The Biden administration unveiled its budget with an “ironclad promise” stating that “no one earning less than $400,000 per year would pay an additional penny in new taxes.” However, the millions of Americans using cryptocurrency would probably beg to differ considering that part of the funding for the $5.58 trillion budget is from the still yet-to-be clarified crypto-tax provisions in the Infrastructure Investment and Jobs Act (Infrastructure Act). Oddly, the estimates in the budget appear to clash with the estimates in the Infrastructure Act, making it even more difficult to decipher the details.
The new budget suggests that “information reporting by certain financial institutions and digital asset brokers” will bring in $2 billion in tax revenue over the next 10 years. The budget does not provide an explanation of how exactly the tax revenue will be generated, but it does offer a table detailing the expected revenue over time (Table 1).
Interestingly, this 10-year prediction has been revised significantly down from what was reported last November when President Biden signed the Infrastructure Act into law. At the time, the cryptocurrency provisions were inserted into the law as funding provisions to help offset the spending. The Joint Committee on Taxation (JCT) did not explain how they came up with their estimates, but they did include a table detailing the expected revenue over time (Table 2).
The two revenue estimates do share a similar expected growth rate (Figure 3), but that’s where the similarities end. The tax revenue estimate in Biden’s budget is less than 10 percent of the estimate in the Infrastructure Act that the president signed into law just a few months ago. Cryptocurrencies have had ups and downs during the past few months, but volatility is not a new phenomenon for this market. There is little to explain such a strong downward revision if the previous estimates in the Infrastructure Act are assumed to have been accurate.
But as I pointed out in both this briefing paper and blog, there were many reasons to doubt the accuracy of the original estimates. It made little sense when Congress suggested the law would increase tax revenue while simultaneously setting a de facto ban on some of the legal activities it plans to tax. More so, the cryptocurrency industry has a proven history of voting with its feet in response to overbearing laws so it’s possible that much of the tax base will leave the country if the laws go unchanged.

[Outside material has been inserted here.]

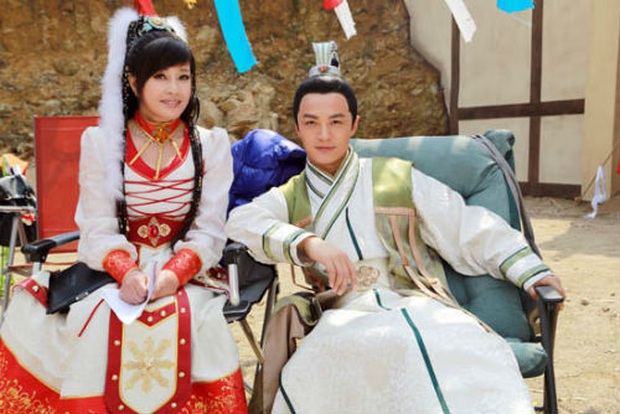Ngã ngửa khi biết tuổi thật và tuổi trên phim của các cặp sao châu Á: Mẹ con bằng tuổi nhau ngoài đời, cháu bỗng hoá chú - Ảnh 22. Ngã ngửa khi biết tuổi thật và tuổi trên phim của các cặp sao châu Á: Mẹ con bằng tuổi nhau ngoài đời, cháu bỗng hoá chú - Ảnh 22.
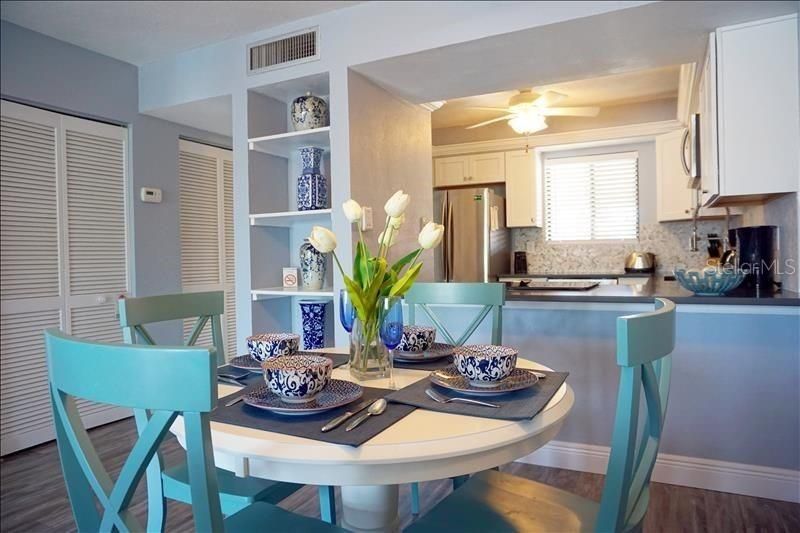 For Sale: $360,000 (1 beds, 1 baths, 691 Square Feet)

While it’s not possible to know how the JCT made their original estimates for the Infrastructure Act because their methods are confidential, the estimates in Biden’s budget are further evidence that “a single, un‐audited estimation should not be the deciding factor for any policy––especially when it leaves so many questions unanswered.”
Congress should take note of the Biden administration’s revised estimate and re-review the validity of the cryptocurrency provisions in the Infrastructure Investment and Jobs Act before the tax reporting requirements go into effect next year.